Researchers used a state-of-the-art technique called whole exome sequencing to evaluate the patient’s genes and analyze his genes compared to those of his family members, in order to identify the abnormal gene that was responsible for his disease.
“This discovery will help patients who have escaped diagnosis to now be correctly diagnosed,” says Donald Vinh, a researcher from the Infectious Diseases and Immunity in Global Health Program of the Research Institute of the McGill University Health Centre and an associate professor in the Division of Infectious Diseases at McGill University.
“By doing so, patients could benefit from aggressive monitoring of potential complications and earlier implementation of tailored therapies. Pinpointing this gene will also help scientists identify who else in the family is at risk, including newborn babies before they become sick.”
“We are so relieved to finally receive a diagnosis, after so many years of doctors not knowing what was wrong with me, and with the research providing the potential for eventual treatment for me. And knowing that our children are not affected is a major comfort,” says the French-Canadian patient, who resides in Eastern Québec with his wife and two young children.
The scientist says an additional benefit of the discovery is a glimpse into whether it causes the immune deficiency that occurs as people with Down syndrome age.
“This gene is on Chromosome 21 and it turns out that Down syndrome’s patients, who have three Chromosomes of 21 (instead of the usual two), have a similar problem with their immune system. We’re looking to see if this causes the immune deficiency reported in adults with Down’s syndrome,” says Vinh, whose study of genetic defects of the immune system has fueled his “medical detective” reputation.
A famous case
“At the clinical level, previous evaluations did not look at all his symptoms in their entirety as one disease but as individual and unrelated problems. But once you start putting the abnormalities together, you see our patient’s case was similar to that of “Bubble Boy,” which was the most severe form.

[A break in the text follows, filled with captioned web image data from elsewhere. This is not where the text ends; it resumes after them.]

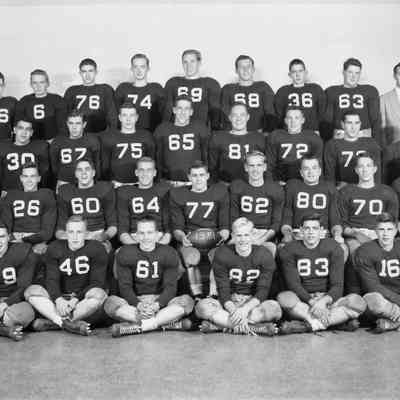 Football team varsity 1951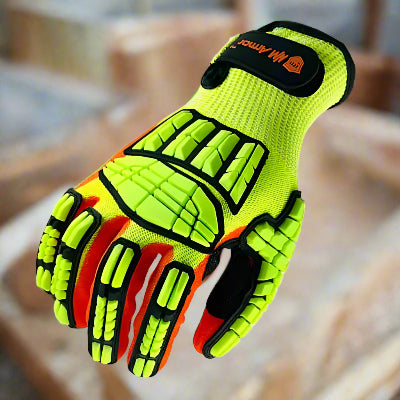 Gants de Travail - CutShield™ - Orange
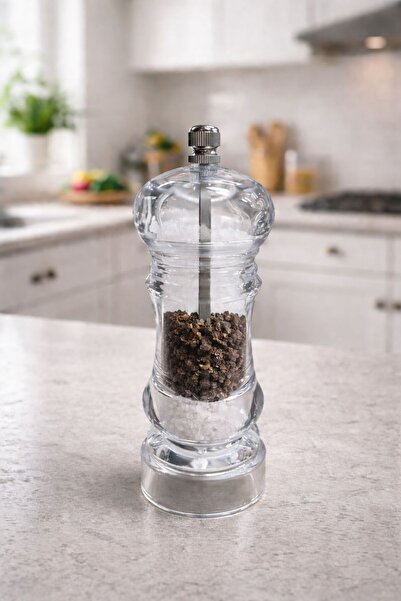 Kitchen Line Gourmet Crystal Salt and Pepper Mill 15 cm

“Our patient’s disease is in the same family of conditions but because he was an adult, nobody thought to explore this possibility,” says Vinh, who explains the “Bubble Boy” name was given to a young child named David Vetter in the 1970s, whose severely weakened immune system required him to live in a sterile bubble from birth.
“Once we related our patient to the Bubble Boy’s disease, which we know is genetic, we discovered this new gene,” says Vinh.
Vinh has already received numerous requests from physicians around the world to test patients who may have the same medical condition diagnosed in his own patient, providing hope for both patients and their families.
Funding came from La Fondation du Grand Défi Pierre Lavoie, Fonds de Recherche du Québec – Santé, RI-MUHC, Canadian Institutes of Health Research, Bristol-Myers Squibb, McGill University, and CSL Behring Canada.